As protagonistas – Lorena, Lia e Ana Clara – vêm de mundos muito diferentes, mas compartilham o espaço e os conflitos de uma juventude em ebulição. Lorena é uma jovem da elite, católica e sonhadora, que vive em um universo de ilusões e fantasias. Lia é uma militante política, engajada na luta contra o regime ditatorial. Ana Clara, por sua vez, vem de uma origem humilde e vive à margem, envolvida com drogas e marcada por uma infância difícil.
O romance é construído por meio de uma narrativa fragmentada e polifônica, alternando os pontos de vista das três personagens. Essa estrutura permite ao leitor mergulhar na subjetividade de cada uma delas, revelando não apenas os fatos de suas vidas, mas também seus medos, traumas, desejos e contradições.
Lygia Fagundes Telles utiliza uma linguagem introspectiva, rica em imagens e variações de fluxo de consciência. As transições entre as vozes ocorrem de forma fluida, muitas vezes sem indicação explícita, o que contribui para o tom intimista e psicológico da narrativa. A autora não oferece respostas fáceis, mas apresenta um retrato complexo do feminino e da juventude.
A amizade entre as três meninas é atravessada por cumplicidades e tensões. Elas se observam, se apoiam, mas também se confrontam, revelando as diferentes formas de ser mulher em uma sociedade marcada pela repressão, pela desigualdade e pelo conservadorismo. O pensionato torna-se, assim, um microcosmo da sociedade brasileira da época.
Ao longo da obra, temas como sexualidade, religião, política, maternidade e identidade são abordados com profundidade. Cada personagem lida com o peso de suas escolhas e a pressão de um mundo que tenta moldá-las. A repressão do regime militar aparece como pano de fundo constante, afetando direta ou indiretamente a trajetória das três.

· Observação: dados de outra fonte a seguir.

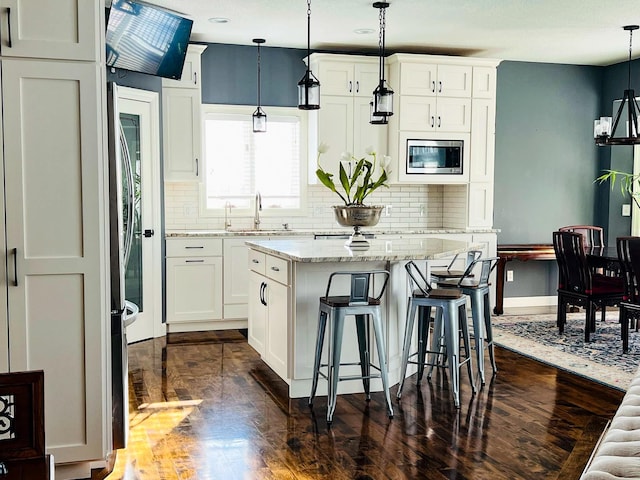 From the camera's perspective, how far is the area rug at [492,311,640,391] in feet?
17.8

“As Meninas” é também uma crítica à hipocrisia da elite, à violência de gênero e à alienação social. A figura da mulher, antes passiva e silenciada, aqui ganha voz múltipla e potente. O romance revela o íntimo das personagens como forma de resistência e denúncia.
A trajetória de Ana Clara tem um desfecho trágico, reforçando a brutalidade das estruturas sociais que condenam os mais vulneráveis. Já Lorena e Lia, apesar de seus caminhos distintos, seguem tentando encontrar sentido em um mundo hostil. A obra não fecha com certezas, mas com a inquietude da juventude.
Com “As Meninas”, Lygia Fagundes Telles constrói uma obra-prima da literatura brasileira, ao mesmo tempo lírica e política, pessoal e coletiva. É um retrato sensível e feroz de uma geração perdida entre o sonho e a repressão, entre o desejo de transformação e a solidão interior.